Berthe, 102 ans, récidiviste
« Ben voilà, à force de foutre des roustres à ta femme au lieu de lui donner de la tendresse qu’elle mérite, elle jubile en creusant ta tombe. Si avec ça tu comprends pas qu’t’avais tout faux côté conjugal. » (p. 123)
Mamie Luger, avant-dernier roman de Benoît Philippon, est le récit de la garde-à-vue prolongée de Berthe, 102 ans, et de ses échanges avec André Ventura, inspecteur de police. Entre roman noir et huis-clos humoristique, ce texte donne vie au personnage extraordinaire de Berthe. Un passage aux aveux où cette mamie déterre peu à peu l’histoire d’une vie ponctuée de violences et de cadavres. L’inspecteur n’est pas près d’atteindre le fond, et va donc devoir creuser…

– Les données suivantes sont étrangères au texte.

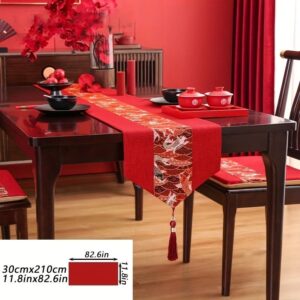 Red linen table runner with gold koi fish pattern, tassel, for dining table decor.
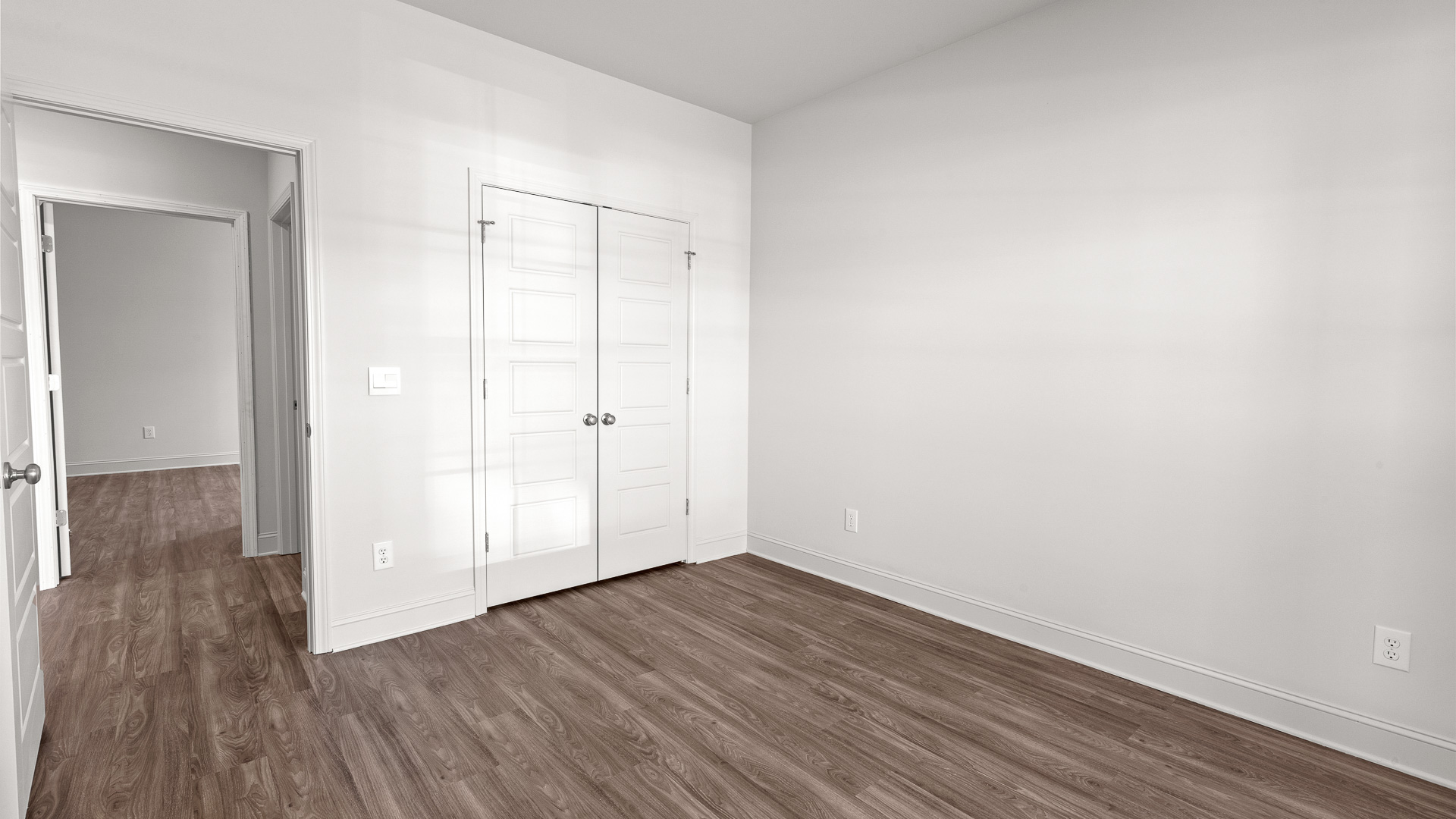 Another bedroom with hardwood floors and double door closet.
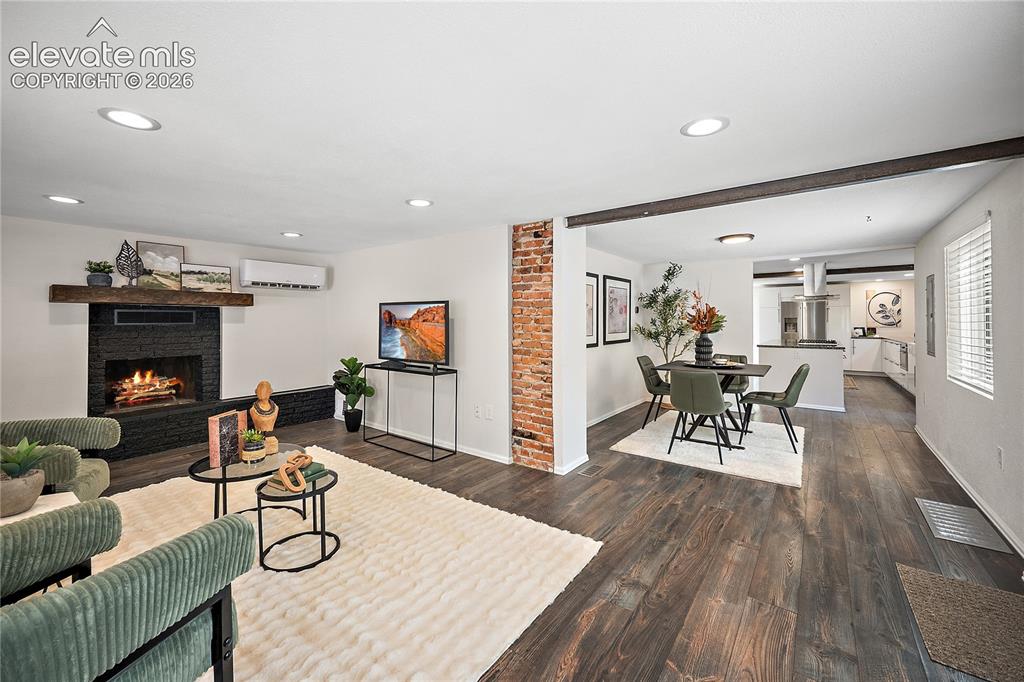 Image 5 of 41: Spacious open-concept living area featuring wood-finish flooring, recessed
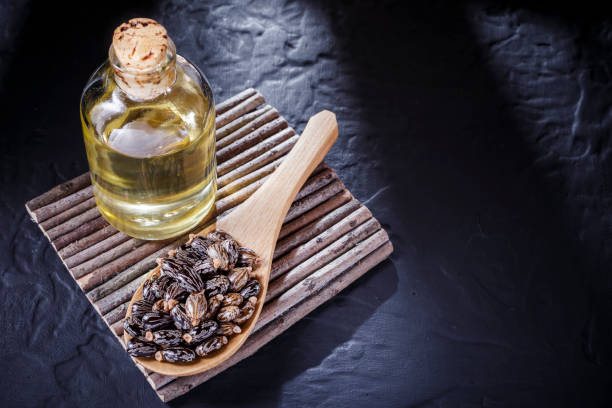 istock beans and castor oil on the black table 1060930706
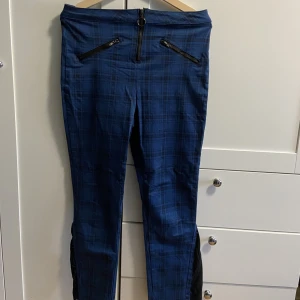Alternativa långbyxor - Skitsnygga alternativa blå-rutiga highwaisted långbyxor med dekorations dragkedjor och snygg metalldetalj i gylfen, storlek L, köpt på Hot Topic, självgjort ”flare” längst ner på byxbenen, i väldigt fint skick, i princip oanvända
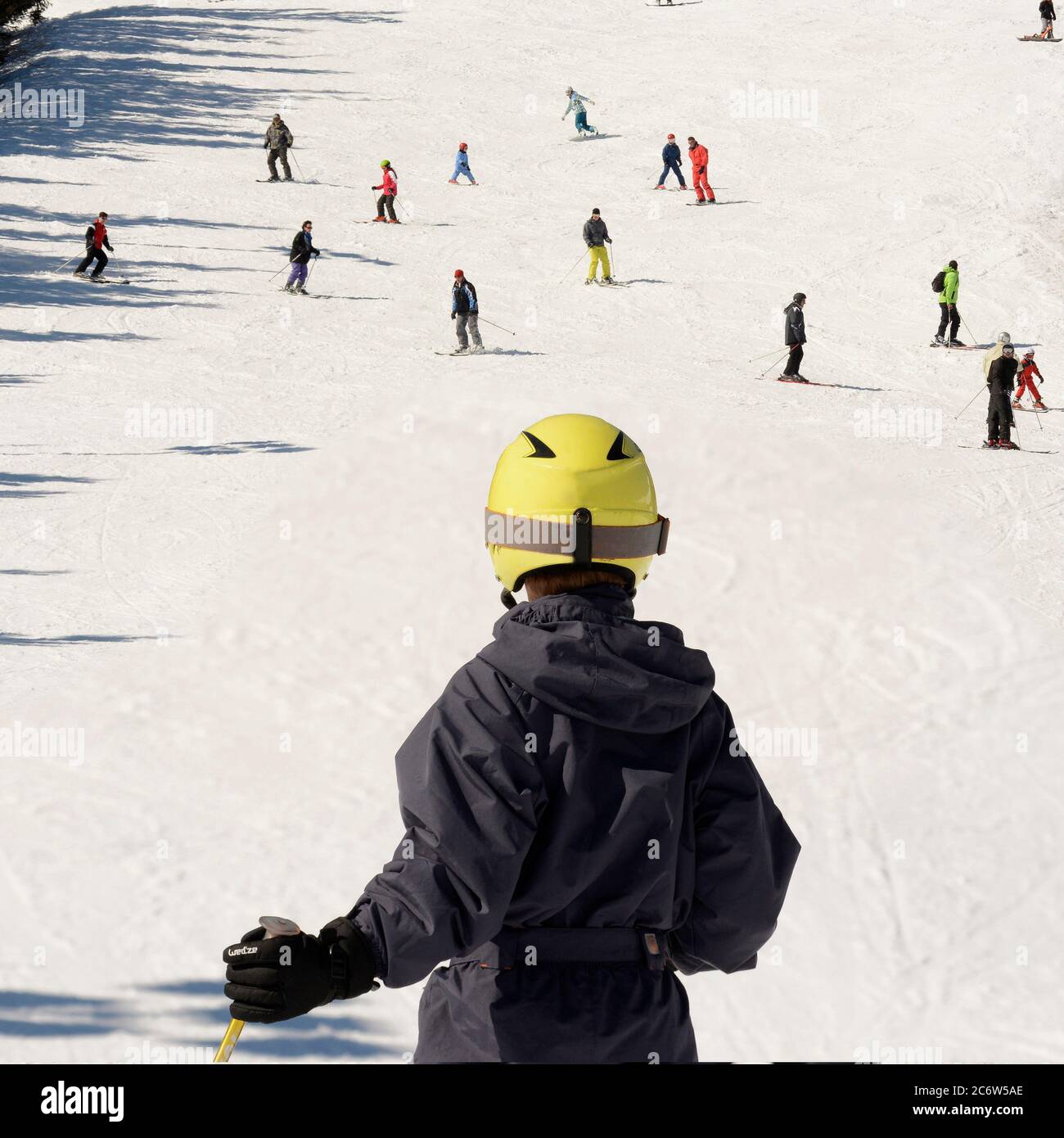 Young skier on ski slope, , Auvergne-Rhone-Alpes, France Stock Photo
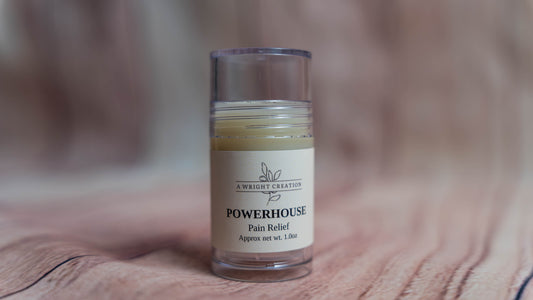 Small glass jar labeled 'Powerhouse Pain Relief' on a wooden surface with a blurred background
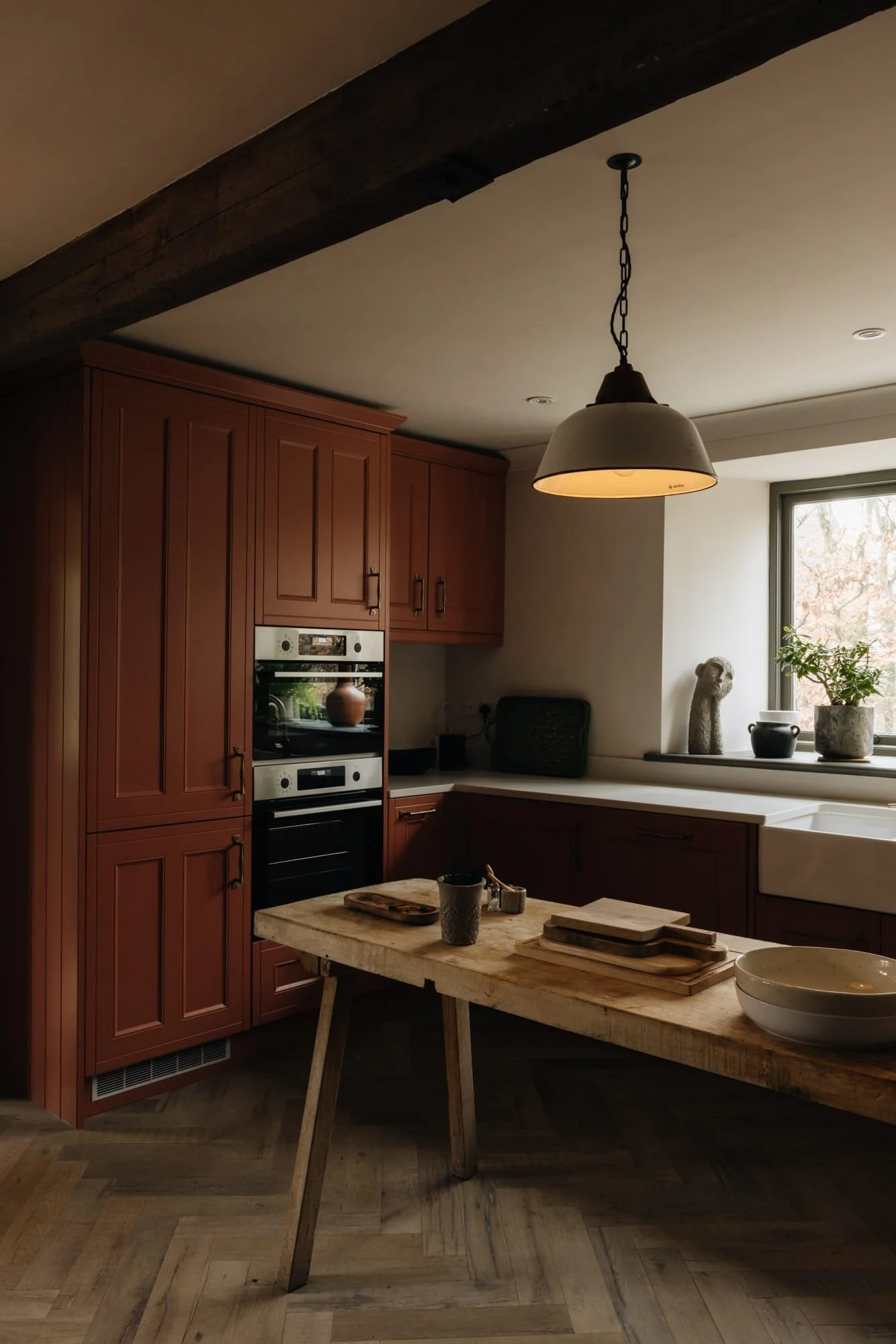 A cozy kitchen with red wooden cabinets, a white farmhouse sink, a window with potted plants, and a wooden table with bowls and cutting boards, illuminated by a hanging pendant light.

Bien que Berthe se soit servie de son pistolet Luger plus que de son franc parler pour survivre à des contextes périlleux, sa verve fleurie ponctue son discours de vulgarités, parvenant à rendre risibles les situations les plus dramatiques. « Ben voyons », dira par exemple Berthe lors d’un examen médical pour un coccyx cassé à la suite de violences conjugales « J’ai le con en chou-fleur et le cul pété en deux parce que j’ai raté une marche. […] Sont bien tous complices. » (p. 23)
On déplore cependant que l’auteur n’ait pas pris la peine d’utiliser la finesse de son écriture pour mettre un terme à des descriptions de poitrine à n’en plus finir, par exemple dans une scène de charpenterie où le « mamelon prêt à bondir » (p. 95) semble être un personnage à part entière, tant l’auteur lui ménage une place de choix. Il aurait également été de bon goût d’affronter frontalement la question du consentement dans des scènes de sexe afin d’éviter des phrases aussi critiquables que celle-ci : « elle voulait qu’il la prenne et ne lui demandait pas ce qu’il en pensait » (p. 156). Pour un roman traitant de viols et d’agressions sexuelles, ce male gaze est franchement maladroit, si ce n’est carrément dérangeant.
Ce roman hilarant pose crument un constat cinglant : la loi est défectueuse et n’est pas apte à régler des cas de violences conjugales. Berthe dépeint un système policier incapable de la protéger. Face à elle, Ventura fait pâle figure, et tente coûte que coûte de défendre la loi qu’il sert. Légitime défense ou assassinat de sang-froid ? La vérité est parfois plus complexe et l’auteur nous mène finement de réflexion en réflexion. Malgré ces faiblesses, l’histoire de Mamie Luger se lit donc d’une traite et nous invite à découvrir, tour à tour, la fragilité d’une vieille dame et le cran d’une tueuse en série.
Aude Bavarel
Références : Benoît Philippon, Mamie Luger, Paris, Les Arènes, 2018, 447p.